● Supplied material
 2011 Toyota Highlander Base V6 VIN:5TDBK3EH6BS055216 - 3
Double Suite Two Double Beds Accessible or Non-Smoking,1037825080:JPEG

--

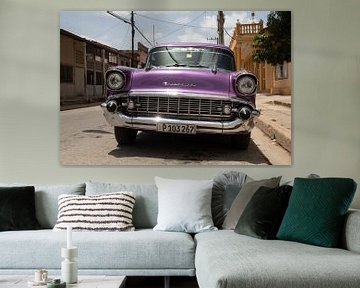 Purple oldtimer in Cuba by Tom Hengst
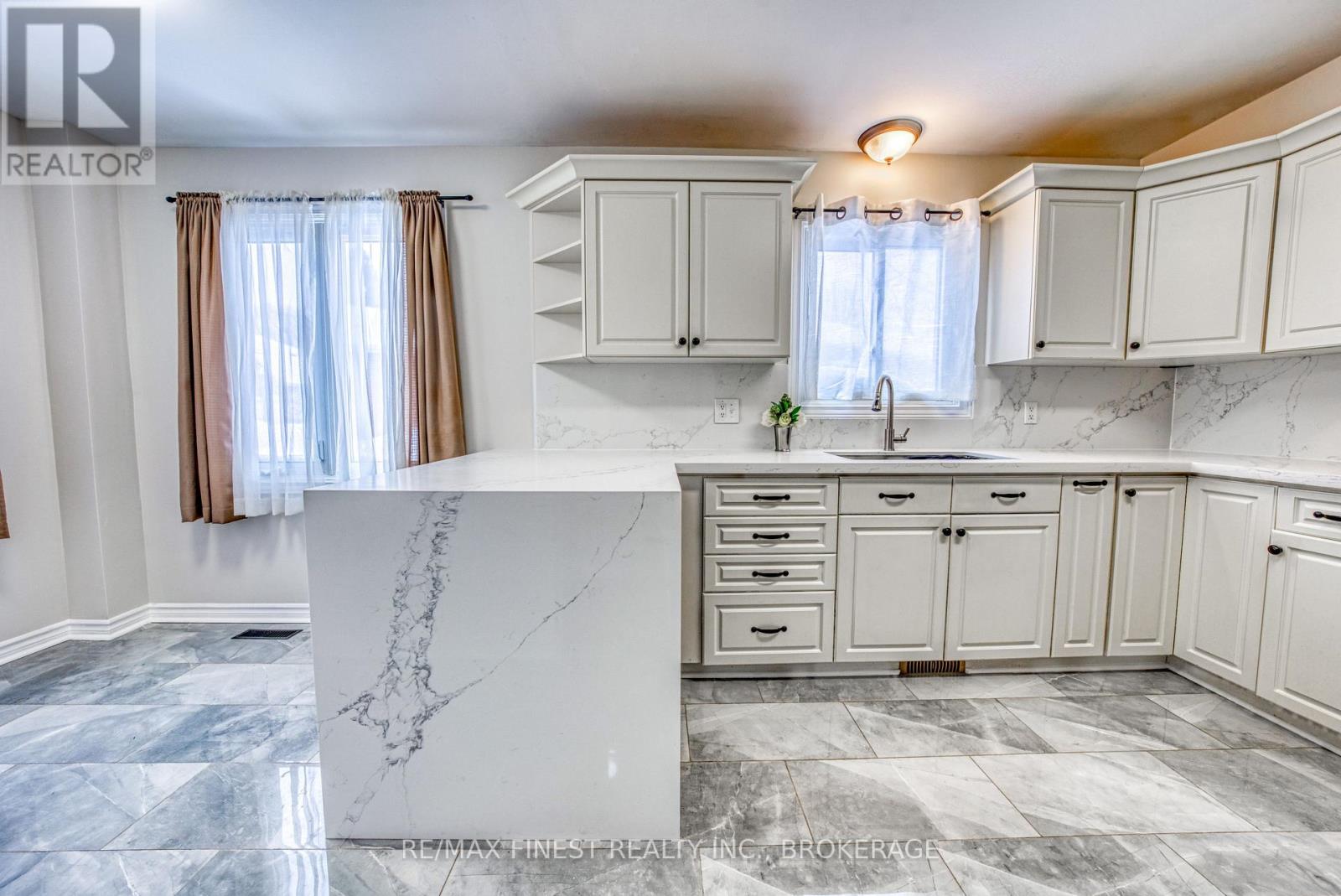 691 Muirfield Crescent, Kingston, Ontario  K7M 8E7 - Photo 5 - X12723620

● Exercise
Using the data above, print exactly the lines from the line that contains "2011 Toyota Highlander" through the line that contains "Double Suite Two", with both included.

● Answer for this exercise
 2011 Toyota Highlander Base V6 VIN:5TDBK3EH6BS055216 - 3
Double Suite Two Double Beds Accessible or Non-Smoking,1037825080:JPEG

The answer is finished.